Shanghai Daily:6 local scientists to join international researchers on ocean drilling expedition

Shanghai Daily, 24 January 2014

 

        SIX scientists from Shanghai’s Tongji University will be part of the second ocean drilling expedition to the South China Sea that will set off next week.
        The IODP Expedition 349 will drill three sites into the basement of the seabed to seek answers to the long-debated question of how old the South China Sea is, chief Chinese scientist Li Chunfeng said in Shanghai yesterday.
        The team of 31 international scientists, including 13 Chinese, will be on board the D/V “Joides Resolution” which will set off from Hong Kong on January 28, said Li, who is a professor of Tongji’s School of Ocean and Earth Sciences and a deputy director of State Key Laboratory of Marine Geology.
        Besides Chinese, nine scientists from the United States, three from Europe, two from Japan, and one each from South Korea, India, Australia and Brazil will be on board. There are two observers from the Philippines and Chinese Taipei.
        “Scientists have been debating for decades over whether the South China Sea was formed 32 million years ago. Our expedition will help determine the accurate ages, which are critical to unraveling other regional scientific problems,” Li said. Two drilling sites will be in the east sub-basin of the South China Sea while the third will be in the southwest sub-basin.
        The drilling will penetrate nearly 2,000 meters into the basement at about 4,000 meters water depth to collect rock samples of different ages within different magnetic zones of the sea.
        “The samples will provide direct constraints on the age of underlying basement of the South China Sea and critical information on how the crust and mantle evolved during various stages of basin evolution,” Li said.
        If it succeeds, the expedition will set a new record in drilling depth after the first expedition in 1999 which cored a maximum of 850 meters of sediments at a site of 2,000 to 3,000 meters water depth in the South China Sea.

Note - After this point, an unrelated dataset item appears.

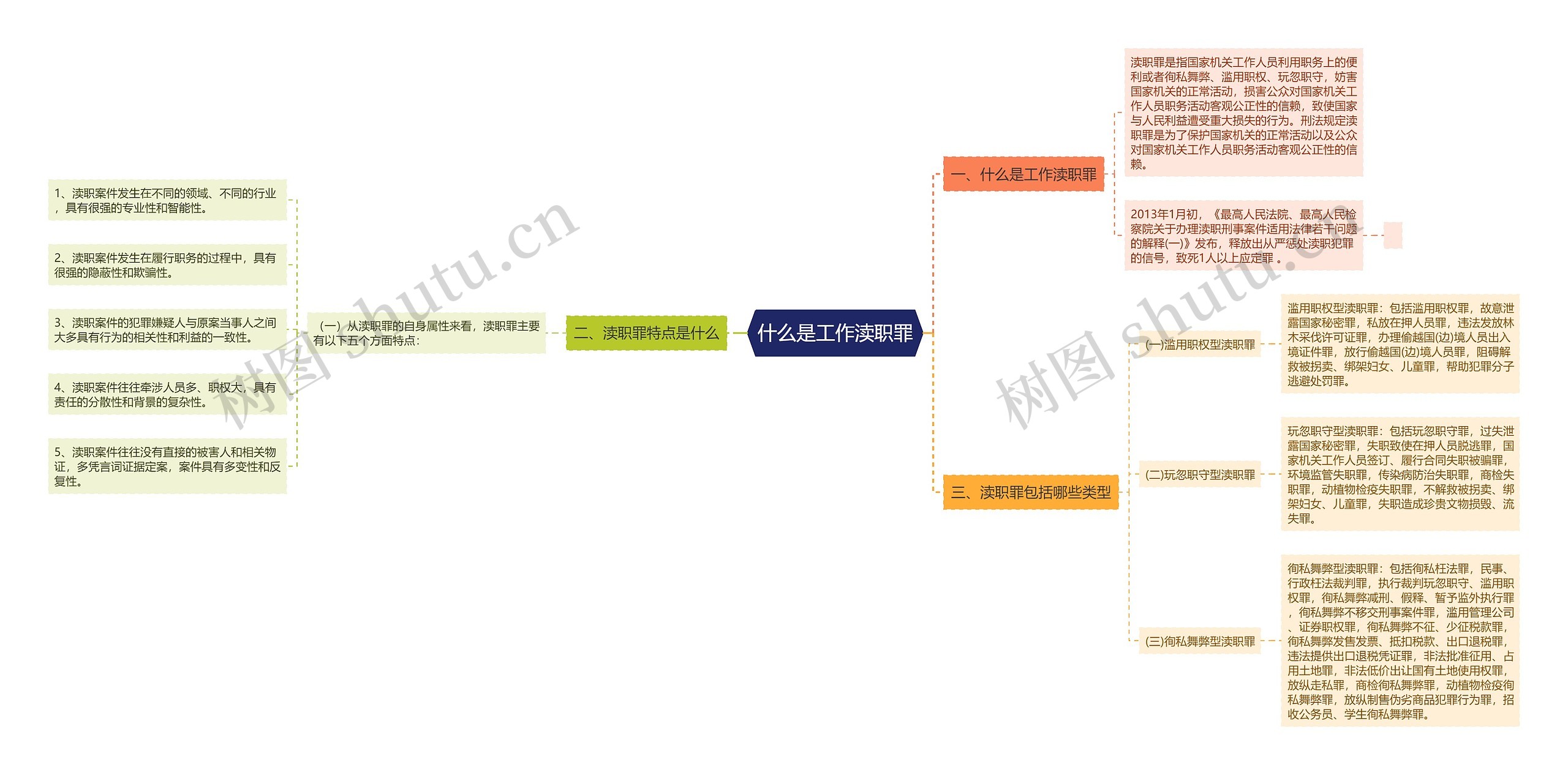 什么是工作渎职罪思维导图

The first expedition made great contributions to the study of the history of climatic environment of the South China Sea.
        “IODP Expedition 349 will also be the first time for scientists to get samples of oceanic basalts formed with the opening of the South China Sea,” Li said, adding that drilling will be very difficult because the rocks in the deeper part are much harder and have different chemical compositions.